▶ _WHAT YOU WILL DO_
Exercise in exact copying: restate word for word only the lines below from the one containing "a red, white" through the one containing "NWT! TORY BURCH", omitting any pictures.

▶ _THE RECORDS_
____
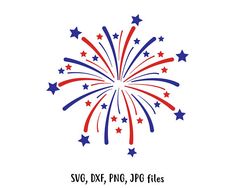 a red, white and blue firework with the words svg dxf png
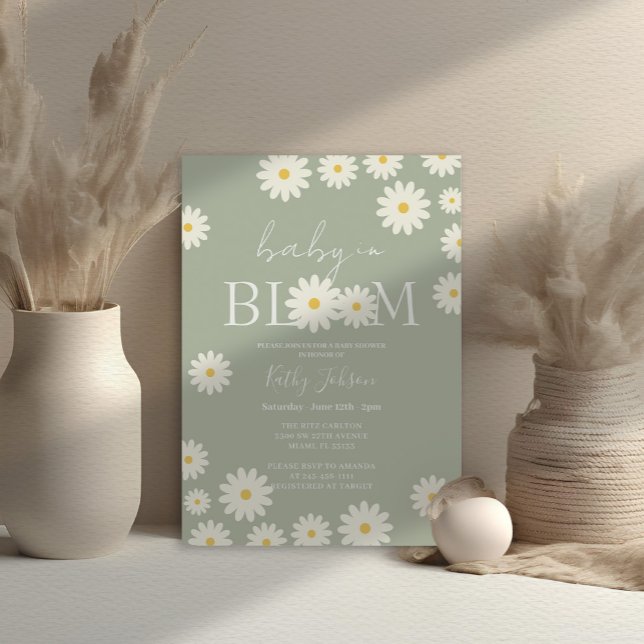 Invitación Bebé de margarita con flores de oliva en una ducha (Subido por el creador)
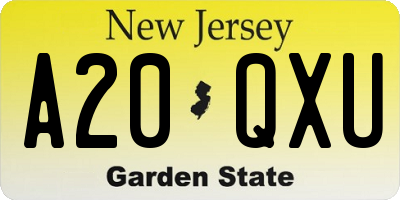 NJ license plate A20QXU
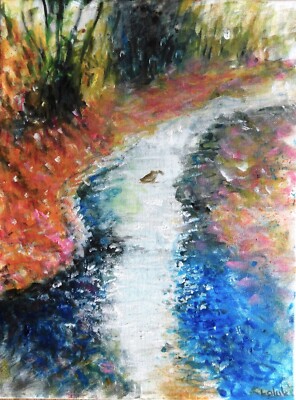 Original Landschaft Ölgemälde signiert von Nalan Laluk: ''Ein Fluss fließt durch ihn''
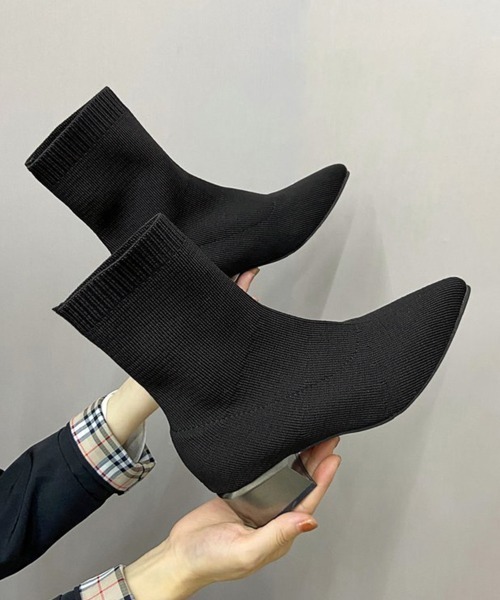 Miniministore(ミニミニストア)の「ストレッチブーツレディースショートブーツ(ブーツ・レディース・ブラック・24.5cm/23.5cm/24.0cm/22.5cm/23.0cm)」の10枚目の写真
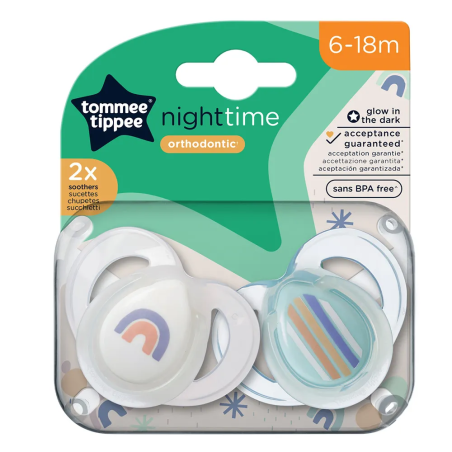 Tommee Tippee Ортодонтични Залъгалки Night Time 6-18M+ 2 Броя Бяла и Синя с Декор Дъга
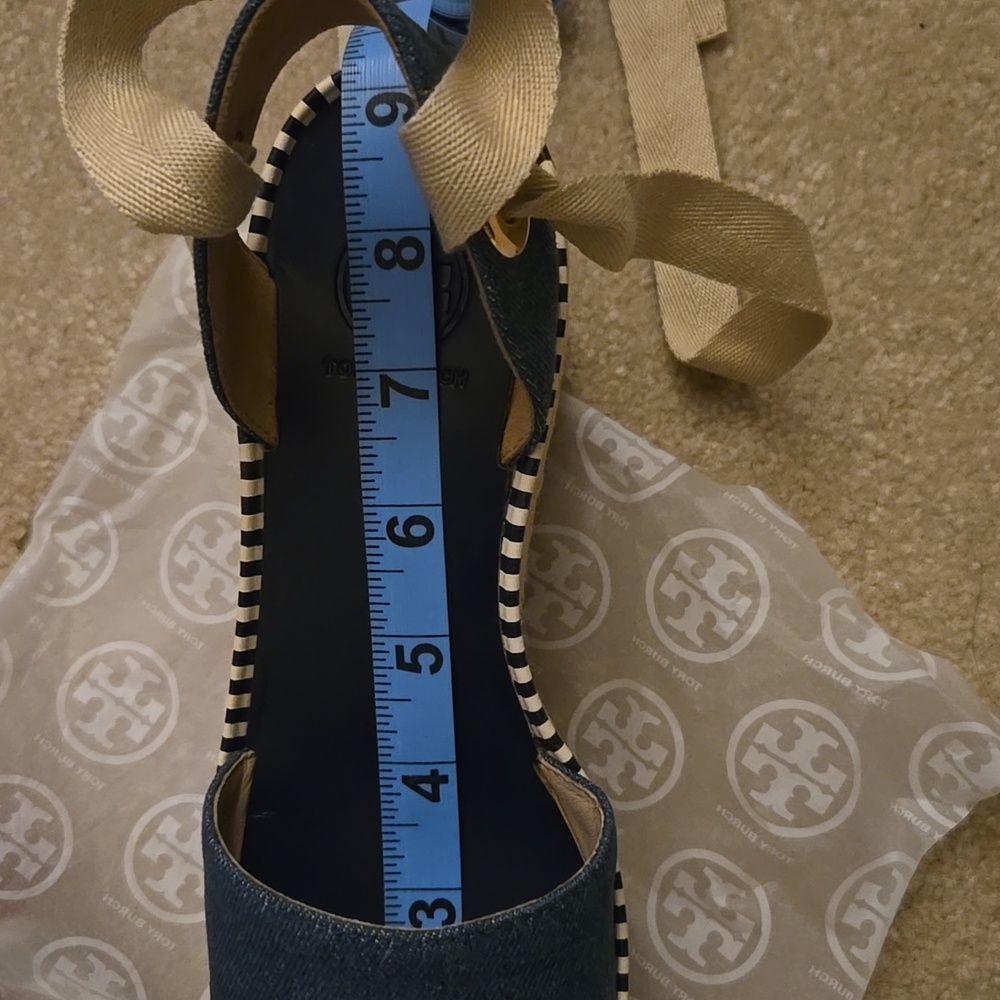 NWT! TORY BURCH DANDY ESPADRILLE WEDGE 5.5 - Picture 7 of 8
____
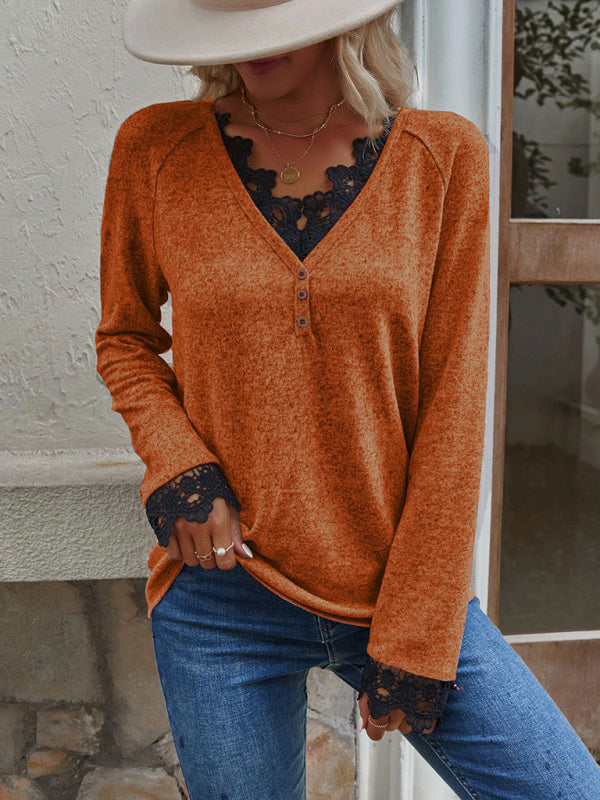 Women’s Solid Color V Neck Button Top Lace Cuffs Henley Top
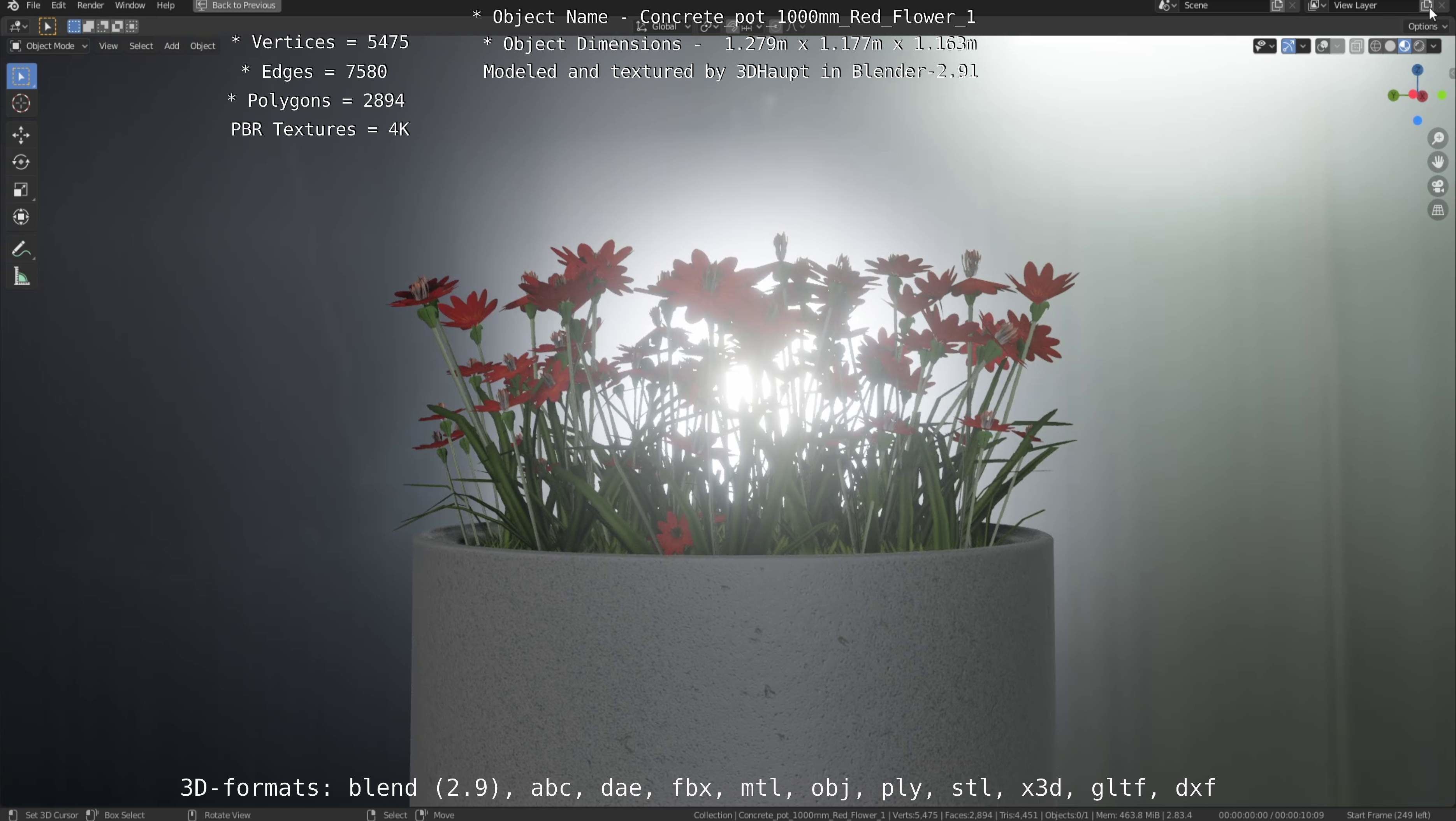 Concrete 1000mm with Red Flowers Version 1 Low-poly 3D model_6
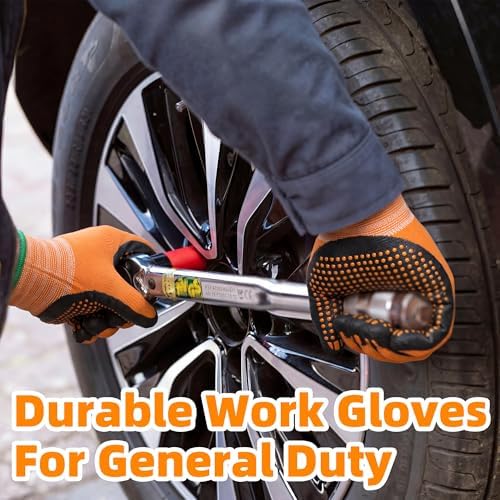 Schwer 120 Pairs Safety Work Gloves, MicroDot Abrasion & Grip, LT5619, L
____
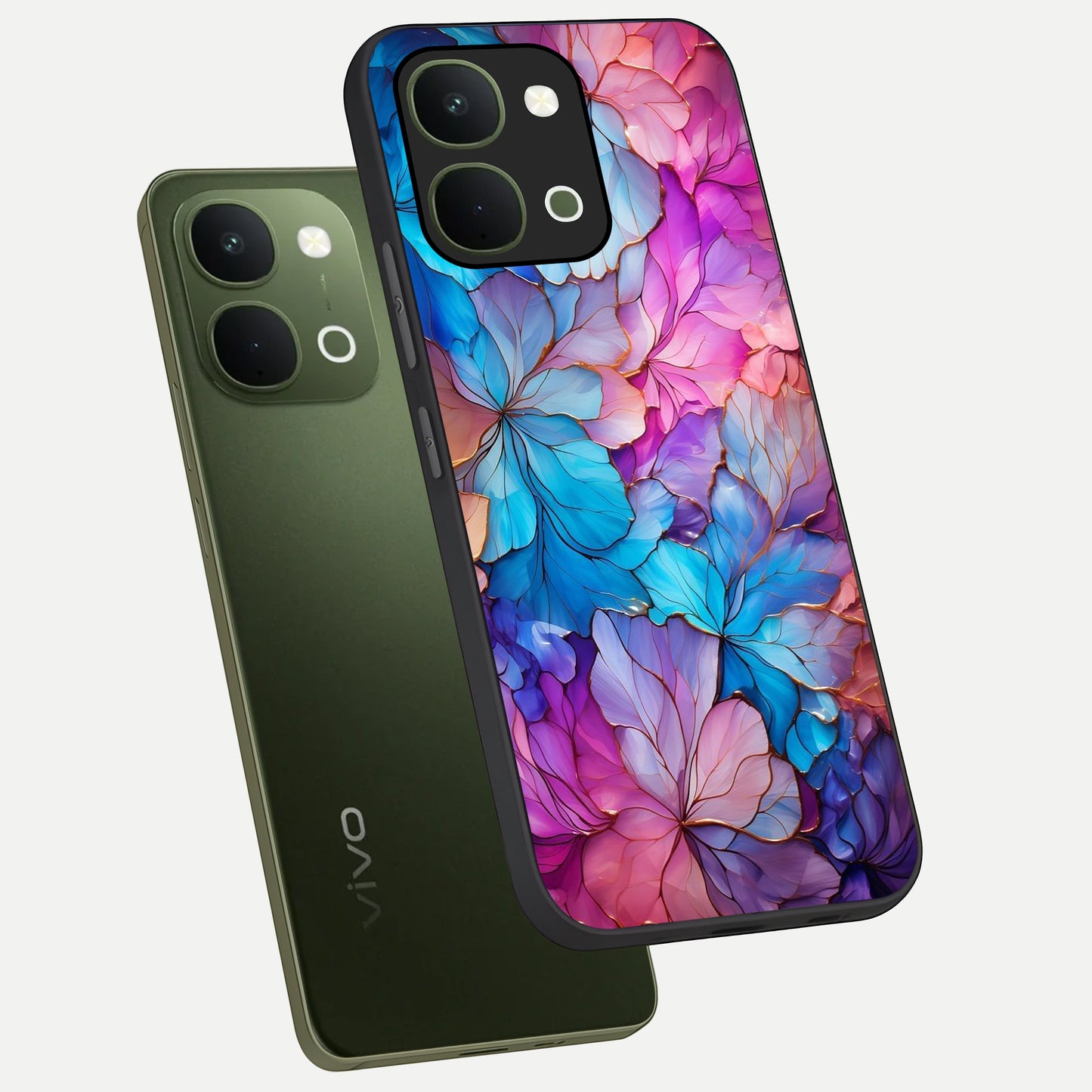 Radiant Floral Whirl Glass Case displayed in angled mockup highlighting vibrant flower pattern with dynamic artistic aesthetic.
____
▶ _ANSWER FOR THE TASK_
 a red, white and blue firework with the words svg dxf png
 Invitación Bebé de margarita con flores de oliva en una ducha (Subido por el creador)
 NJ license plate A20QXU
 Original Landschaft Ölgemälde signiert von Nalan Laluk: ''Ein Fluss fließt durch ihn''
 Miniministore(ミニミニストア)の「ストレッチブーツレディースショートブーツ(ブーツ・レディース・ブラック・24.5cm/23.5cm/24.0cm/22.5cm/23.0cm)」の10枚目の写真
 Tommee Tippee Ортодонтични Залъгалки Night Time 6-18M+ 2 Броя Бяла и Синя с Декор Дъга
 NWT! TORY BURCH DANDY ESPADRILLE WEDGE 5.5 - Picture 7 of 8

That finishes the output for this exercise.